### Brief
Copy the lines below, please, starting with the one that contains "Used 2019 Chevrolet" and ending with the last. Pictures stay out.

▼▼▼

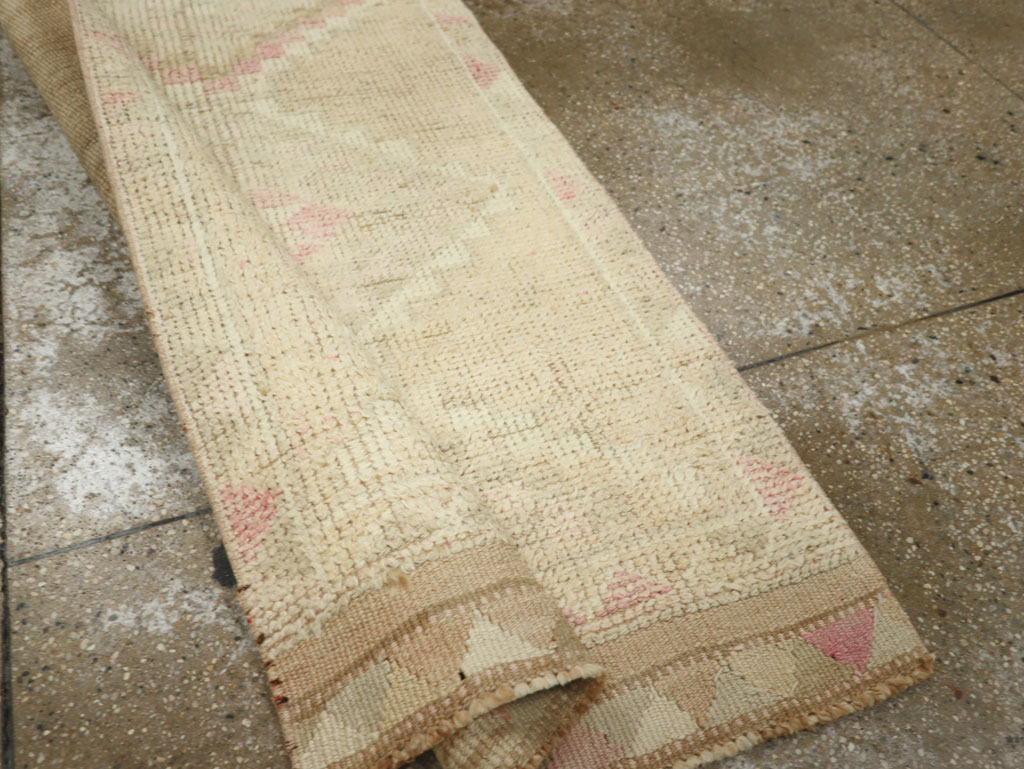 Vintage Turkish Anatolian Runner, No.33575 - Gsblank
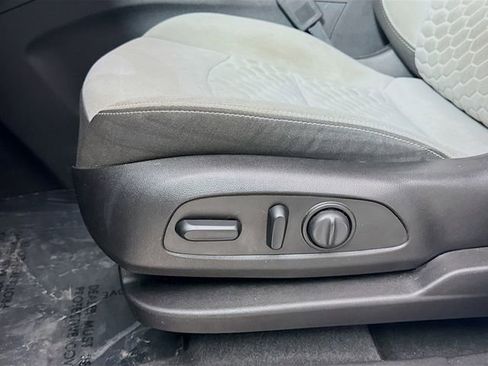 Used 2019 Chevrolet Equinox LS w/ LS Convenience Package image 20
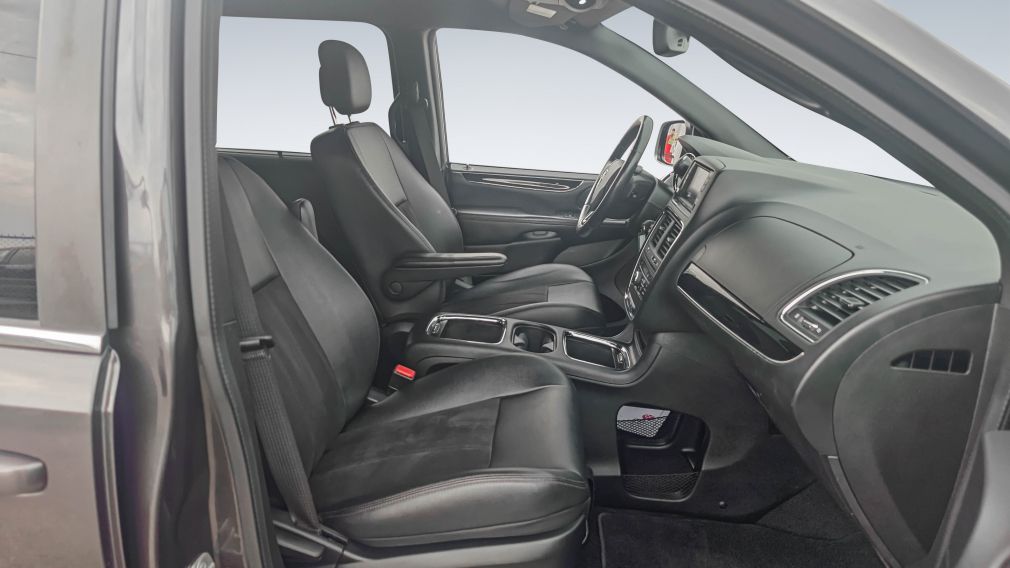 Dodge GR Caravan Premium Plus 2020 d&rsquo;occasion à vendre - 16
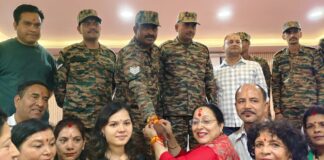 रक्षाबंधन पर महिला मोर्चा ने जवानों और पुलिसकर्मियों को बांधी राखी…. रिपोर्ट- (सुनील भारती ) “स्टार खबर” नैनीताल..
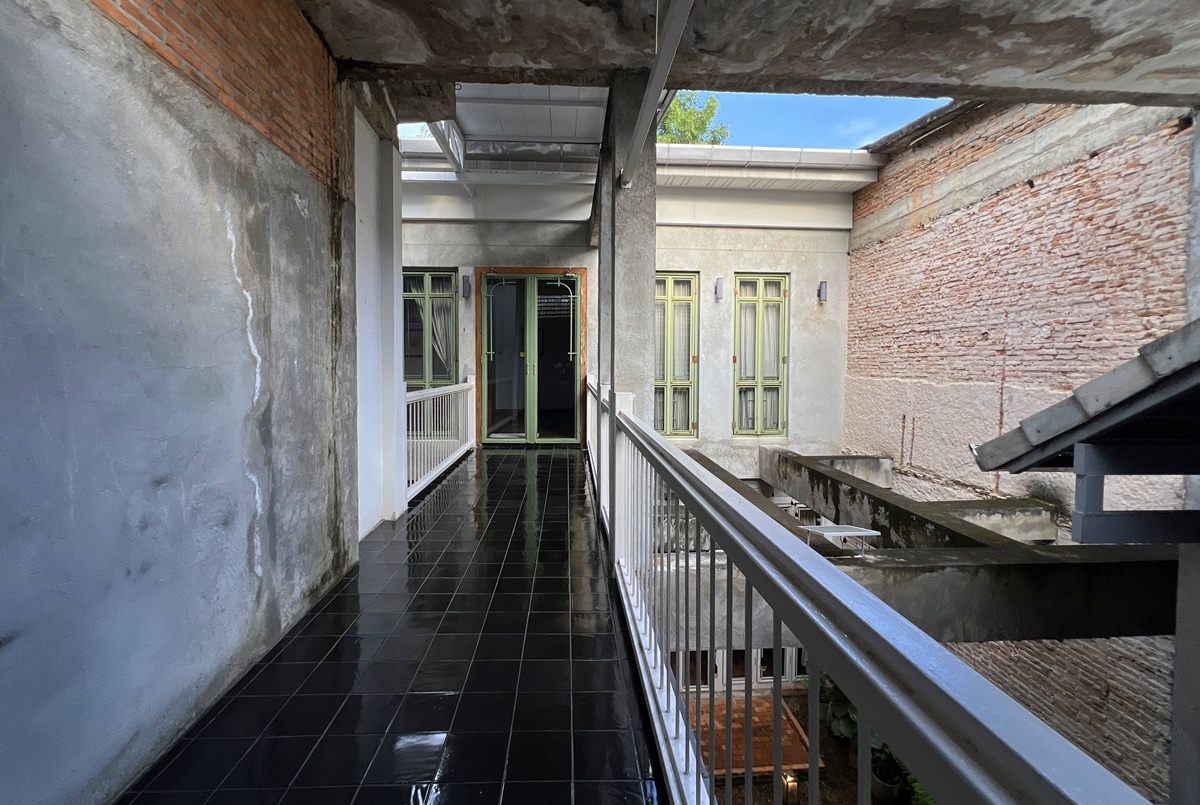 清邁老城裡的背包客棧卻像私人劇院，蘭納 × 殖民風格，低調優雅一晚只要台幣345元｜泰國清邁背包客棧住宿推薦 Khunluang Hostel @。CJ夫人。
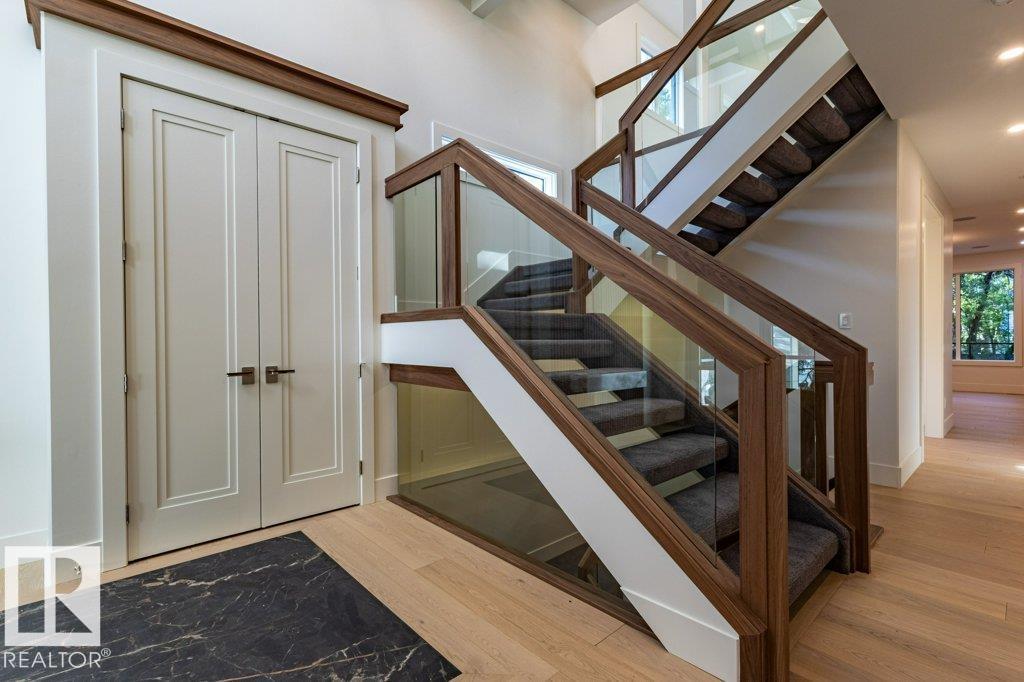 12306 39 AV NW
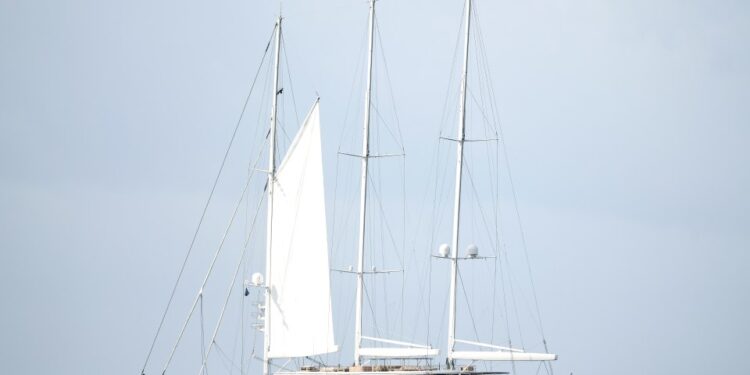 El yate de navegación de Jeff Bezos, Koru, en el mar.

▲▲▲

### Response below
 Used 2019 Chevrolet Equinox LS w/ LS Convenience Package image 20
 Dodge GR Caravan Premium Plus 2020 d&rsquo;occasion à vendre - 16
 रक्षाबंधन पर महिला मोर्चा ने जवानों और पुलिसकर्मियों को बांधी राखी…. रिपोर्ट- (सुनील भारती ) “स्टार खबर” नैनीताल..
 清邁老城裡的背包客棧卻像私人劇院，蘭納 × 殖民風格，低調優雅一晚只要台幣345元｜泰國清邁背包客棧住宿推薦 Khunluang Hostel @。CJ夫人。
 12306 39 AV NW
 El yate de navegación de Jeff Bezos, Koru, en el mar.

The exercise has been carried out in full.